*Aim of the exercise:* From the data below, return only the lines from the one with "Kapelle in Gschwendt" through the one with "Tobogán acuático azul, niños", exact and inclusive, with pictures left out.

*Material for this task:*

━━━

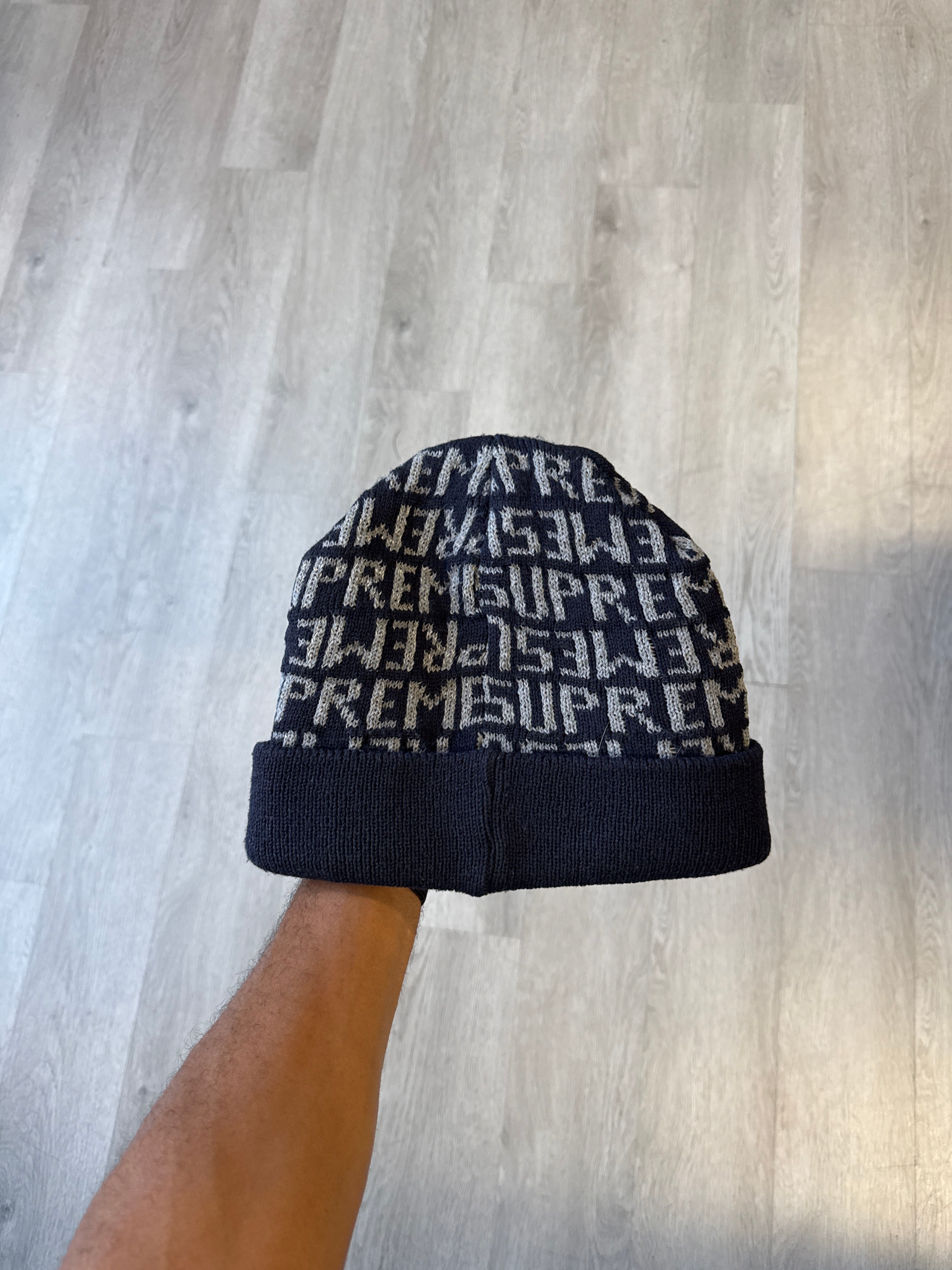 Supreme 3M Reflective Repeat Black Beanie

━━━

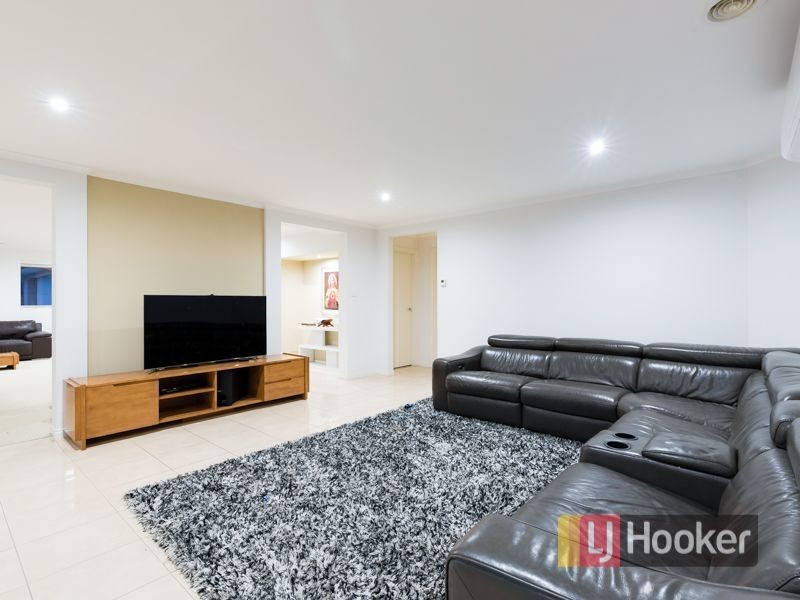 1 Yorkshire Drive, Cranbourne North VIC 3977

━━━

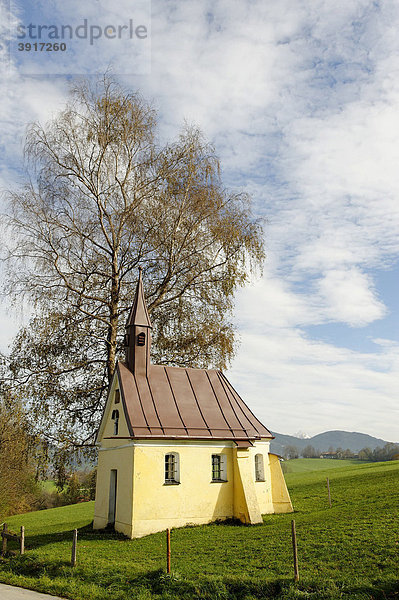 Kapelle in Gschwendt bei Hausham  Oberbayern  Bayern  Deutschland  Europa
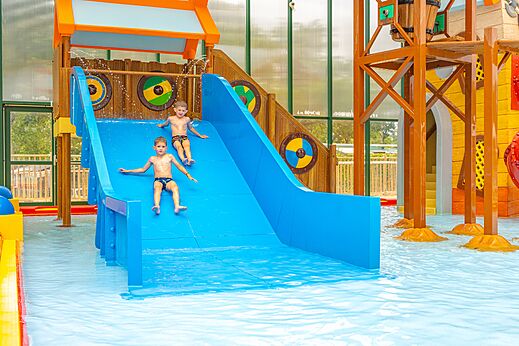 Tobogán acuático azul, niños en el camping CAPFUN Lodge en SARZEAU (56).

━━━

*Solution below:*
 Kapelle in Gschwendt bei Hausham  Oberbayern  Bayern  Deutschland  Europa
 Tobogán acuático azul, niños en el camping CAPFUN Lodge en SARZEAU (56).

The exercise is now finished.